熱戦が繰り広げられているWBC(ワールド・ベースボール・クラシック)だが、今回の侍ジャパンは真面目でおとなしい。しかし、かつての日本プロ野球界には、「侍」の名に相応しい無頼たちがゴロゴロしていた。国際大会のような大舞台では、修羅場をくぐってきた彼らの方が頼もしいだろう。そんな選手たちを集めてチーム「落ち武者ジャパン」を想定した。スポーツ紙記者や球界OBからは、内野では清原和博(元・西武、巨人ほか)や中村紀洋(元・近鉄、中日ほか)など、腕っぷしが強そうで豪胆な頼もしいメンバー候補の名前が挙がった。

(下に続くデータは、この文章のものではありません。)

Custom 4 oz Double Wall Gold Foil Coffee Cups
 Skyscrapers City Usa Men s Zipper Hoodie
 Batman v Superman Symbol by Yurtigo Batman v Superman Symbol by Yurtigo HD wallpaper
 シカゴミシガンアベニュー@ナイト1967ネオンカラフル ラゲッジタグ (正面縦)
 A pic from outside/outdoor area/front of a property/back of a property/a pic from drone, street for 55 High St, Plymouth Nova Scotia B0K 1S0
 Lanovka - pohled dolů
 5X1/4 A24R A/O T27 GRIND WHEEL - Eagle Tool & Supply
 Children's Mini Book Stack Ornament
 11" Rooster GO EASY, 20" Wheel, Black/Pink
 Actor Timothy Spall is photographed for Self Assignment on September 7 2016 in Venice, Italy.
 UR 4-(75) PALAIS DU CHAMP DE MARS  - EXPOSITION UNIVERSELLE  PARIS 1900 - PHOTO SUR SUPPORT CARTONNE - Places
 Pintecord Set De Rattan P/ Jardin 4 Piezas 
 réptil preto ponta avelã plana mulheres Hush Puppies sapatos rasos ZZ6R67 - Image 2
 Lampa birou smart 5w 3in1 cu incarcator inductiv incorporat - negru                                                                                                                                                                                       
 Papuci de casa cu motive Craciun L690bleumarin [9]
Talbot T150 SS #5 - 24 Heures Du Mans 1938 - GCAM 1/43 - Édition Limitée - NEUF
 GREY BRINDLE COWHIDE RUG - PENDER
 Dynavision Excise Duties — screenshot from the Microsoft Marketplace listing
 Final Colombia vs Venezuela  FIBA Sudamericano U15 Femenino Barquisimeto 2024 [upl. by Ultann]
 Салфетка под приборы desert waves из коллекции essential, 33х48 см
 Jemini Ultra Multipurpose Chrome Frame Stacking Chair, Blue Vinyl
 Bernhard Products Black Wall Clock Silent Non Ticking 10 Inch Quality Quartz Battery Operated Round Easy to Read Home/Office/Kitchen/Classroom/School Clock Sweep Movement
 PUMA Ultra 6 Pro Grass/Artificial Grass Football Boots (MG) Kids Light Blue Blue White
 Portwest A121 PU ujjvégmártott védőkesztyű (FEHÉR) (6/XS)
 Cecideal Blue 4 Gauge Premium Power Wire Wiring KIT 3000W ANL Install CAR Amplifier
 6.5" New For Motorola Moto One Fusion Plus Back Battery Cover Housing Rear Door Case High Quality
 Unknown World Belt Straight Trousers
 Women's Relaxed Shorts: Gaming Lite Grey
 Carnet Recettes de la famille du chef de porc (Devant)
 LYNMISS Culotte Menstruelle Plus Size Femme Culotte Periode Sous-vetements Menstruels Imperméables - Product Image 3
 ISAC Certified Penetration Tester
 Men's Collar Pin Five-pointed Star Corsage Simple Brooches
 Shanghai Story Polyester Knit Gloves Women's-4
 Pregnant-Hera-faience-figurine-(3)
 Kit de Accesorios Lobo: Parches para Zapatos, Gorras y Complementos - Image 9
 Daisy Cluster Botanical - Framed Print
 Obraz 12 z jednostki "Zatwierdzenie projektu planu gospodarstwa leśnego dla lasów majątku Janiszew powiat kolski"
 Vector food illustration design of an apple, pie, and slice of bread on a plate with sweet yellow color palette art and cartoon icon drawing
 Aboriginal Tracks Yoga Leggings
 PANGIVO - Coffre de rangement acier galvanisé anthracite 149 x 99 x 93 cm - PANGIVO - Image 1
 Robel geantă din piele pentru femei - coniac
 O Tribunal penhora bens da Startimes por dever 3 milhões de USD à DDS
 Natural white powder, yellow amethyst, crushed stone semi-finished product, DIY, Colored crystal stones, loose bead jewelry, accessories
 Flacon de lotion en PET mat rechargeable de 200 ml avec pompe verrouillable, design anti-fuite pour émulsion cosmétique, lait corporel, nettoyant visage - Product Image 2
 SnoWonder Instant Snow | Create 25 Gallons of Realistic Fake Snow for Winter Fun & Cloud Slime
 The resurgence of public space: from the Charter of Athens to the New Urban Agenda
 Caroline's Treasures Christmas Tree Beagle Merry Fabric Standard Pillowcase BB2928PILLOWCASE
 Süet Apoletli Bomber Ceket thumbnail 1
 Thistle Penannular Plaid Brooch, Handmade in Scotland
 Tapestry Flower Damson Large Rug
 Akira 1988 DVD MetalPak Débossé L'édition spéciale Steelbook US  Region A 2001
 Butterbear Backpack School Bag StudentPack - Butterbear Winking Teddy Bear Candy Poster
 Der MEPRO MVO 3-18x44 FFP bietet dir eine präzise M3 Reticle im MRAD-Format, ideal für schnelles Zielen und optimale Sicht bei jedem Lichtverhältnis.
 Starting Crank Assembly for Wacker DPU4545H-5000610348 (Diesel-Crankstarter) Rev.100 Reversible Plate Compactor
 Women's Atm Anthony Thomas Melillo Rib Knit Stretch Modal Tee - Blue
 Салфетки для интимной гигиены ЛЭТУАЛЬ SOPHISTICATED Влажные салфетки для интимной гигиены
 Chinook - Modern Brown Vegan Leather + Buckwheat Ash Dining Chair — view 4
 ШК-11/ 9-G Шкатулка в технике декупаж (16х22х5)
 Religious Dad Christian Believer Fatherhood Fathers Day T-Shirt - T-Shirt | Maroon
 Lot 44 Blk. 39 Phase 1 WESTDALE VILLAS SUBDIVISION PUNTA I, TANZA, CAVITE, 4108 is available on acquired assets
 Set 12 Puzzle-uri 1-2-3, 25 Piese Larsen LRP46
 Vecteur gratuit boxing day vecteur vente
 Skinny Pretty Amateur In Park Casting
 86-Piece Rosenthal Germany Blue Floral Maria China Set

外野陣も逸材が揃う。今年から阪神に加入した超人・糸井嘉男は、侍ジャパンに選ばれていないほうが不思議という声もあるが、ここはぜひ落ち武者ジャパンで存分に活躍してほしい。
NPB初の「6年連続打率3割・20盗塁・ゴールデングラブ賞受賞」を達成するなど驚異的な身体能力を誇る糸井だが、球界では“宇宙人”として知られる。プロ入り5年目まで「右中間」を知らなかった。視力が1.5にもかかわらずレーシック手術を受けて2.0まで上がった──など数々の“伝説”を持つ。野球通で知られる漫画家のやくみつる氏が言う。
「彼はもはや“地球外生命体”です。彼にとって国同士の戦いとか国籍がどうこうとかは些末なこと。緊張せず、普段通りのプレーをしてくれるでしょう」
さらに外野にはタフィ・ローズ(元・近鉄ほか)を入れてはどうか。日本国籍はないが、日本語はペラペラ。WBCでは母国語を話せない代表選手も珍しくないのだから、ローズは十分な日本代表有資格者だろう。
NPB在籍13年間で本塁打王4回、打点王3回の輝かしい実績に加え、退場処分14回という日本記録の持ち主でもある。乱闘時の切り込み隊長として、ローズの活躍に期待したい。